◆ Problem statement
The word "Dress" may appear in the records below. Report how many lines contain it, and write nothing besides the number.

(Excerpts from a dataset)
===============

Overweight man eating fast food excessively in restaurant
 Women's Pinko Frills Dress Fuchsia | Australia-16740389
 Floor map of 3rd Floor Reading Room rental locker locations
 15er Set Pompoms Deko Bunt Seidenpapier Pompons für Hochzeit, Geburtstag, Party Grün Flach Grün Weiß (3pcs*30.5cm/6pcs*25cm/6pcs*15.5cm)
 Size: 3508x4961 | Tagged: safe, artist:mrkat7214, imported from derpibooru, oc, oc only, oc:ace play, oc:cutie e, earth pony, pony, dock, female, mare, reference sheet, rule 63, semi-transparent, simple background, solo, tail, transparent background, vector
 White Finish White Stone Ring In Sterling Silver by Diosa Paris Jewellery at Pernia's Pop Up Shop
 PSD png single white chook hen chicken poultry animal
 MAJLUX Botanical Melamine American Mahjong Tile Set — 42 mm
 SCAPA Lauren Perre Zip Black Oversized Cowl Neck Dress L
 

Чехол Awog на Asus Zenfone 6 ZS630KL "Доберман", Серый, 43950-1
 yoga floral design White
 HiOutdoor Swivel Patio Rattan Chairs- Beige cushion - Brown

===============

◆ Expected answer
2